*Task description*: Your answer should consist solely of the lines from the one holding "Sac à dos gris" through the final line of the entries, reproduced exactly and without pictures.

*Crawled caption data*:
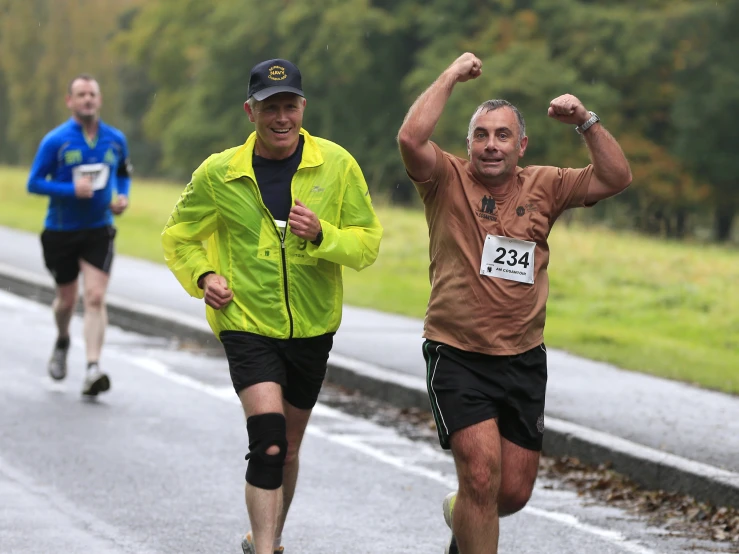 some runners in the rain runing on a street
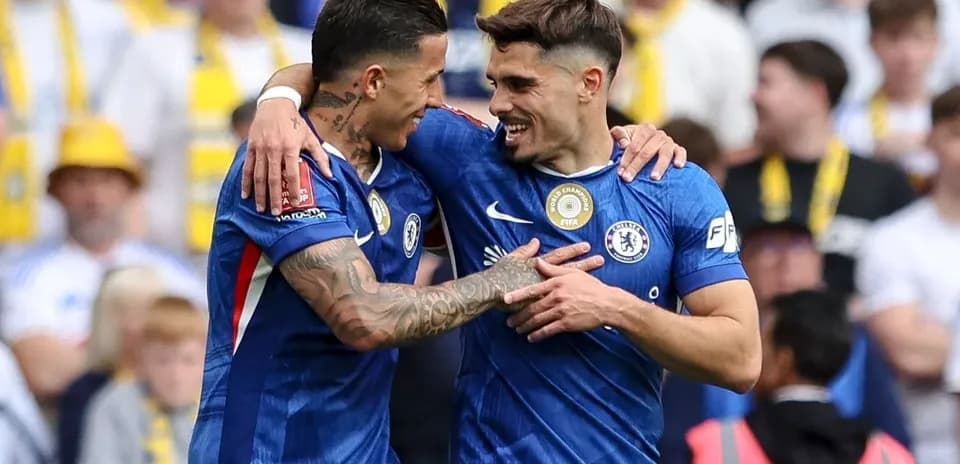 Two Chelsea players celebrating a goal together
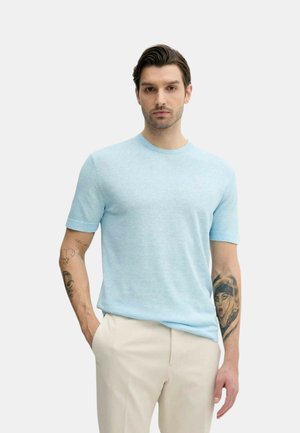 Uomo con capelli scuri che indossa una camicia azzurra a maniche corte e pantaloni beige, che mostra tatuaggi su entrambe le braccia, in piedi con una mano in tasca.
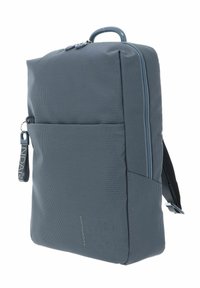 Sac à dos gris avec une surface texturée, doté d'une poche zippée à l'avant, de bretelles rembourrées et d'une poignée supérieure pour un transport pratique.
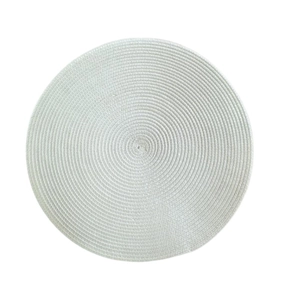 Close-up of a circular woven placemat in off-white featuring a minimalist spiral texture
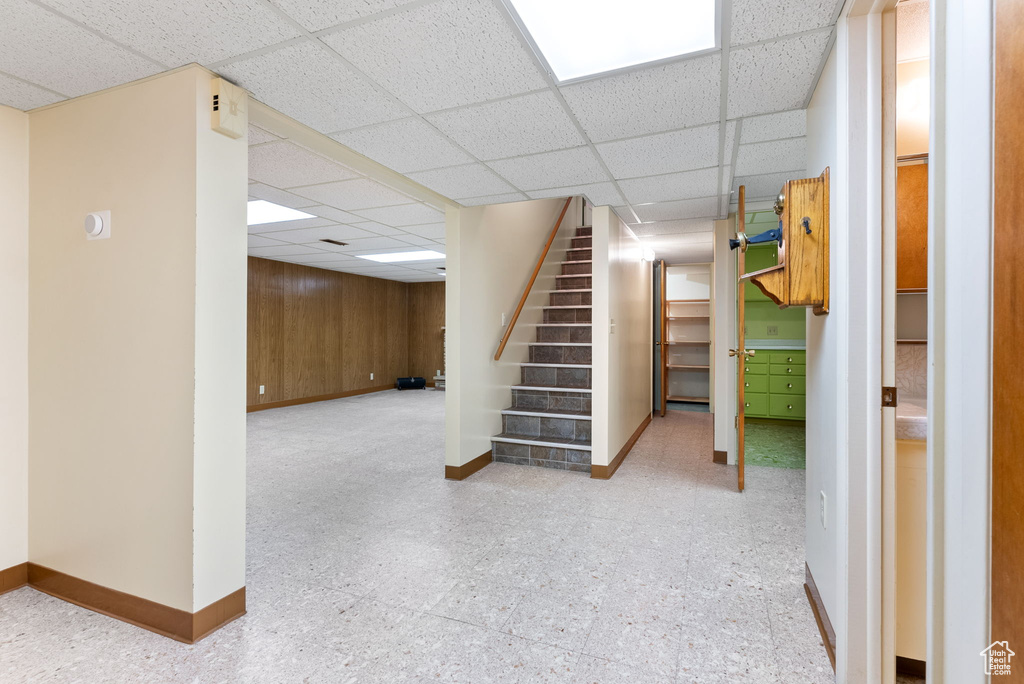 Basement with wood walls and a drop ceiling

*Reply*:
 Sac à dos gris avec une surface texturée, doté d'une poche zippée à l'avant, de bretelles rembourrées et d'une poignée supérieure pour un transport pratique.
 Close-up of a circular woven placemat in off-white featuring a minimalist spiral texture
 Basement with wood walls and a drop ceiling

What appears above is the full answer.